De slotsom is dat Clean Energy een bedrag van € 96.558,00 (€ 111.501,50 -/- € 14.943,50) onverschuldigd aan [gedaagde] heeft betaald. Op [gedaagde] rust ten aanzien van deze prestatie dan ook een verbintenis tot ongedaanmaking. De rechtbank zal de vordering van Clean Energy tot terugbetaling tot dit bedrag toewijzen en voor het overige afwijzen.
2.14.
De rechtbank zal de door Clean Energy gevorderde buitengerechtelijke incassokosten afwijzen. Clean Energy heeft in dit kader uitsluitend aangevoerd dat zij haar vordering uit handen heeft moeten geven omdat [gedaagde] heeft geweigerd tot terugbetaling over te gaan. Hieruit blijkt onvoldoende dat Clean Energy voorafgaand aan de procedure werkzaamheden heeft verricht waarvoor een eventuele proceskostenveroordeling geen vergoeding pleegt in te sluiten.
2.15.
Clean Energy vordert [gedaagde] te veroordelen tot betaling van de beslagkosten. Deze vordering is gelet op het bepaalde in artikel 706 Rv toewijsbaar. De beslagkosten worden begroot op € 931,03 voor verschotten (explootkosten 264,03 + griffierecht € 667,00) en € 1.770,00 voor salaris advocaat (1 rekest × € 1.770,00), samen € 2.701,03.
2.16.
[gedaagde] wordt grotendeels in het ongelijk gesteld en moet daarom de proceskosten dragen.

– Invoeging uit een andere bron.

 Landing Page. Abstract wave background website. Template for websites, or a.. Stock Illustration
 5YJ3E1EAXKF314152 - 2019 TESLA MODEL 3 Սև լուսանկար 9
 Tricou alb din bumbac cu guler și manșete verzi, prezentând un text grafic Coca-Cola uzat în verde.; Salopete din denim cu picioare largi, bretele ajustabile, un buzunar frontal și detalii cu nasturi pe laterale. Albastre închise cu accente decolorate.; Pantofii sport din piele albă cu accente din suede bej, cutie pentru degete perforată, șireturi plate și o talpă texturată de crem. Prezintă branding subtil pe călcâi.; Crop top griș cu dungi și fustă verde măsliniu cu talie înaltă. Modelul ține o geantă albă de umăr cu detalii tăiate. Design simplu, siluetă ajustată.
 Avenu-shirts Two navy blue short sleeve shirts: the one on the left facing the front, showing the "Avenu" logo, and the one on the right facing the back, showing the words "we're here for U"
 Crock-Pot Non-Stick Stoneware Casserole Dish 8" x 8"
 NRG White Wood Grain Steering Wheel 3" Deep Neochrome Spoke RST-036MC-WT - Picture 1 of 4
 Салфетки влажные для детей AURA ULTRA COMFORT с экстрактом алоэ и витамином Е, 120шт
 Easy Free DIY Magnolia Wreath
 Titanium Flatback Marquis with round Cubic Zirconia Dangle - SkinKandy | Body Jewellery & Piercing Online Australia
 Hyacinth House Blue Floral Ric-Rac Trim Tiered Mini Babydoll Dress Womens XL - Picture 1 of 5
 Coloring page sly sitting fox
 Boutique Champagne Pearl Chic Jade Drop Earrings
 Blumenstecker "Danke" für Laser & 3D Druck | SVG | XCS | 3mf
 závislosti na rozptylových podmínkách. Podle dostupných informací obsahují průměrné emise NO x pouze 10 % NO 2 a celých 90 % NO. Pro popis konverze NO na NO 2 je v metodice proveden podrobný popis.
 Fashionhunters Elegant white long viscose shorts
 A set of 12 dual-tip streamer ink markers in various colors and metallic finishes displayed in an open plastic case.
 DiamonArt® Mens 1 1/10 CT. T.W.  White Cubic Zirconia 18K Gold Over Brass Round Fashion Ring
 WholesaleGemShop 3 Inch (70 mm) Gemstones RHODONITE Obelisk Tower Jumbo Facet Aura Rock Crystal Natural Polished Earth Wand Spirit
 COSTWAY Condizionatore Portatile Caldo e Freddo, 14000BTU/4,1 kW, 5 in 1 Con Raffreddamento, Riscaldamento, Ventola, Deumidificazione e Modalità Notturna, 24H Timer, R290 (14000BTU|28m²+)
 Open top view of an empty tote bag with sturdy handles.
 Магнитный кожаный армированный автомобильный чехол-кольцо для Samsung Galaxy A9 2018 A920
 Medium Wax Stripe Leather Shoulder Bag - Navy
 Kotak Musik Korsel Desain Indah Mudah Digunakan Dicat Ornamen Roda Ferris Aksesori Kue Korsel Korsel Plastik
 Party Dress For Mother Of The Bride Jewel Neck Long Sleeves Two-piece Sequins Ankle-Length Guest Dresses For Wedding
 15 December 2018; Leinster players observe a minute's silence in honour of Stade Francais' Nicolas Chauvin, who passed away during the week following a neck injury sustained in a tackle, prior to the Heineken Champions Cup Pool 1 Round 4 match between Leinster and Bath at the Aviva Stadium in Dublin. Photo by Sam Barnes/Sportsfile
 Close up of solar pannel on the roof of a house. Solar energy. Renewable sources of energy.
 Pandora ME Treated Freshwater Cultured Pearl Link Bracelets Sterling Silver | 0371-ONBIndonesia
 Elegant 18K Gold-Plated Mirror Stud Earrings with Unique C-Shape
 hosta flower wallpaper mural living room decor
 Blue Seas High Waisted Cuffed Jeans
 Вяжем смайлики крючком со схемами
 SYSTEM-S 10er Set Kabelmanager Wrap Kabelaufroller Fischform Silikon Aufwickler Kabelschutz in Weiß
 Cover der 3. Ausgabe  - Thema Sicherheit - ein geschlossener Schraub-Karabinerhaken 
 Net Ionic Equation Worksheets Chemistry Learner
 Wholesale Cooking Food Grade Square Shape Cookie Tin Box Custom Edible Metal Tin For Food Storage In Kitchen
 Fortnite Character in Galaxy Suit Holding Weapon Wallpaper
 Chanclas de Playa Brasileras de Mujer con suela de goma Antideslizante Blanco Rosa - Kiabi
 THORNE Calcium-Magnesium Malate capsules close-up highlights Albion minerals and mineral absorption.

De rechtbank begroot de kosten aan de zijde van Clean Energy op:
- dagvaarding € 108,22
- griffierecht 3.533,00 (exclusief beslag)
- salaris advocaat
5.310,00(3,0 punten × tarief € 1.770,00)
Totaal € 8.951,22
2.17.
De door Clean Energy gevorderde nakosten zijn toewijsbaar als vermeld onder de beslissing.

3.De beslissing

De rechtbank
3.1.
veroordeelt [gedaagde] om aan Clean Energy te betalen een bedrag van € 96.558,00 (zesennegentigduizend vijfhonderdachtenvijftig euro),
3.2.
veroordeelt [gedaagde] in de beslagkosten, tot op heden begroot op € 2.701,03,
3.3.
veroordeelt [gedaagde] in de proceskosten, aan de zijde van Clean Energy tot op heden begroot op € 8.951,22,
3.4.
veroordeelt [gedaagde] in de na dit vonnis ontstane kosten, begroot op € 163,00 aan salaris advocaat, te vermeerderen, onder de voorwaarde dat [gedaagde] niet binnen veertien dagen na aanschrijving aan het vonnis heeft voldaan en er vervolgens betekening van de uitspraak heeft plaatsgevonden, met een bedrag van € 85,00 aan salaris advocaat en de explootkosten van betekening van de uitspraak,
3.5.
verklaart dit vonnis tot zover uitvoerbaar bij voorraad,
3.6.
wijst het meer of anders gevorderde af.
Dit vonnis is gewezen door mr. D.T. Boks en in het openbaar uitgesproken op 25 mei 2022.